**AIM OF THE EXERCISE**
Copy each line of the data below with the word "Property".

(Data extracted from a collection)
━━━

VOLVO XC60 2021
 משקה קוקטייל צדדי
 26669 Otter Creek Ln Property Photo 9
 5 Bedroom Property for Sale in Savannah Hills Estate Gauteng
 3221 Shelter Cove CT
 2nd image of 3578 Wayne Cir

━━━

**SOLUTION BELOW**
 26669 Otter Creek Ln Property Photo 9
 5 Bedroom Property for Sale in Savannah Hills Estate Gauteng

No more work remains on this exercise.